*** Dataset section ***

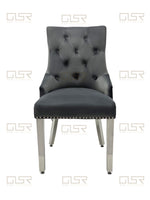 Load image into Gallery viewer, Majestic Dark Grey Velvet Dining Chair
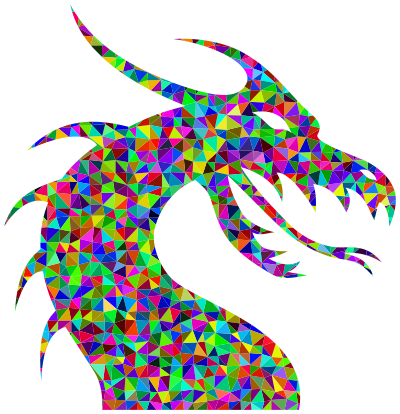 Prismatic Low Poly Dragon clipart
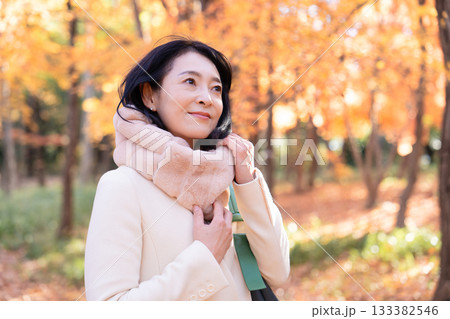 紅葉の公園を散策するミドルの女性 133382546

*** End of Dataset section ***

— Task description —
Please repeat every line of the material above exactly and without its pictures.

— Written solution —
 Load image into Gallery viewer, Majestic Dark Grey Velvet Dining Chair
 Prismatic Low Poly Dragon clipart
 紅葉の公園を散策するミドルの女性 133382546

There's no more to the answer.